Advances in personalized oncology care “have really been exploding over that time period,” he notes. There is a great deal of biological heterogeneity in cancer cells, so two patients with the same diagnosis, receiving the same treatment, can have totally different outcomes. Tumor profiling with molecular techniques, particularly looking for so-called driver mutations, are illuminating how to treat those patients individually. This process, which some call “interrogating the tumor,” helps physicians determine what makes an individual cancer more susceptible to a course of treatment and then come up with the best treatment plan for that individual patient. Myhand is excited about such processes that are “getting even more elegant on a molecular level now.”
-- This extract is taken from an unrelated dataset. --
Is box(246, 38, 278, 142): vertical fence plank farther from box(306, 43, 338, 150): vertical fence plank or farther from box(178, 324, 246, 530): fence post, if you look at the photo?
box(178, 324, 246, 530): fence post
Being the sole oncologist/hematologist in a community hospital is no step down for Myhand, rather the realization of a personal goal predestined by his experience with that cancer patient early in his medical school rotations. The gravity of a cancer diagnosis and the subsequent treatment makes for a special patient-physician bond. “What I have learned is that patients do not expect miracles from you, but they want to know that someone really cares,” says Myhand.
Rick Myhand, MD, could be anywhere in the oncology world, but he wants to be the cancer doctor for a tight community. He wants to see patients who will return to him through the course of their treatments, and to help keep families intact for as long as possible. He puts it simply, “I could not imagine being another type of physician.” And, yes, he still has that 30 year-old “Thank you” card.
I HAVE LEARNED THAT PATIENTS DO NOT EXPECT MIRACLES BUT DO WANT TO KNOW SOMEONE REALLY CARES.